**Exercise details**
Each record, word for word and stripped of pictures, is what the answer should contain.

───── Data for this exercise

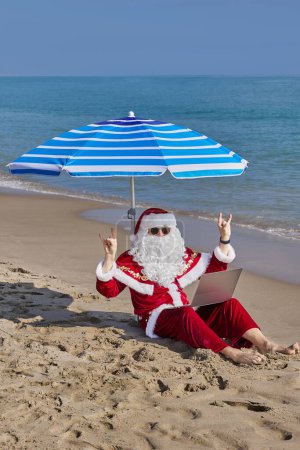 Téléchargez les photos : Le Père Noël est assis sous un parasol sur le fond de la mer par une chaude journée d'été et tape quelque chose sur un ordinateur portable. Vacances de Noël ou du Nouvel An dans les pays chauds. Vacances d'été du Père Noël. - en image libre de droit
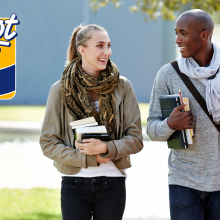 African American boy and white girl at college - stock photo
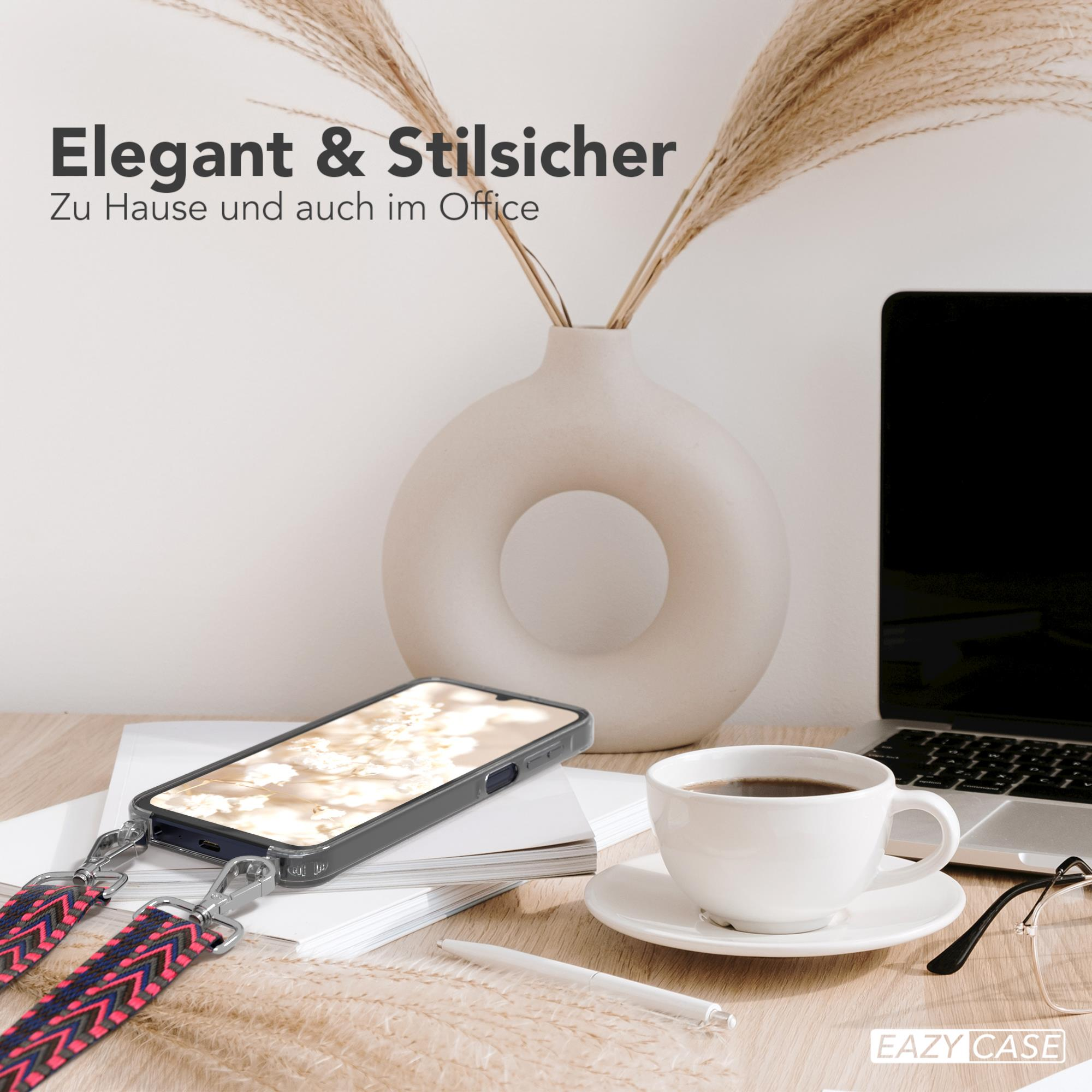 Smartphone auf Schreibtisch mit Hülle und Band, neben Laptop und Kaffee.
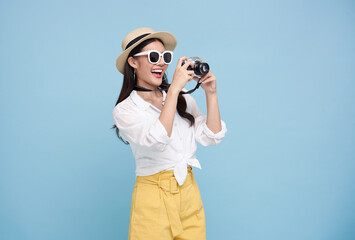 Wall Mural - Happy smiling young asian woman tourist in summer hat standing with camera taking photo isolated on blue studio background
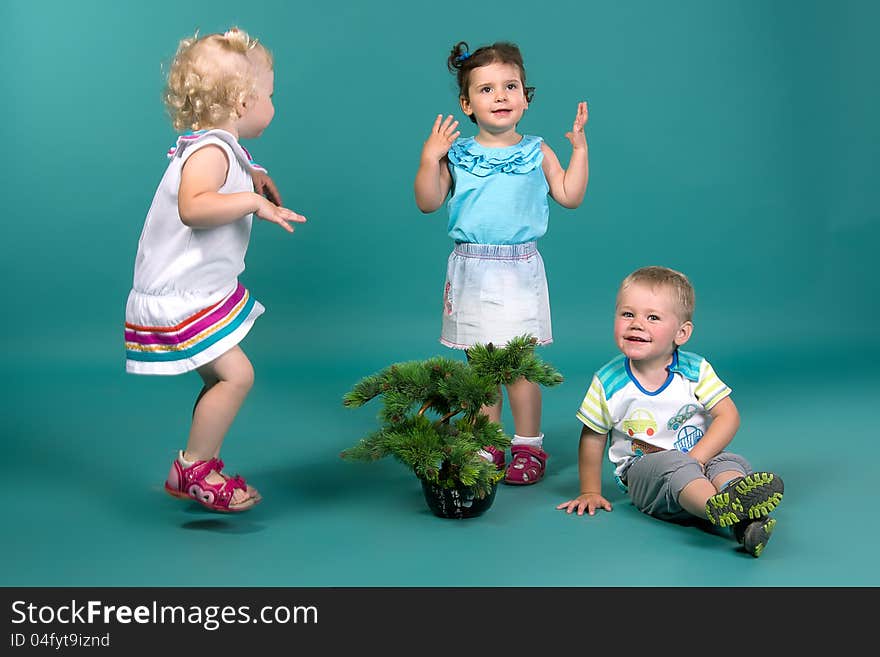 Three children playing on a turquoise background in studio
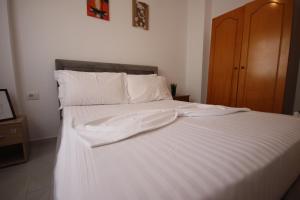 a large white bed with white sheets and pillows at Ionian Blue Apartament II in Himare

──────────

**Answer to this task**
 Téléchargez les photos : Le Père Noël est assis sous un parasol sur le fond de la mer par une chaude journée d'été et tape quelque chose sur un ordinateur portable. Vacances de Noël ou du Nouvel An dans les pays chauds. Vacances d'été du Père Noël. - en image libre de droit
 African American boy and white girl at college - stock photo
 Smartphone auf Schreibtisch mit Hülle und Band, neben Laptop und Kaffee.
 Wall Mural - Happy smiling young asian woman tourist in summer hat standing with camera taking photo isolated on blue studio background
 Three children playing on a turquoise background in studio
 a large white bed with white sheets and pillows at Ionian Blue Apartament II in Himare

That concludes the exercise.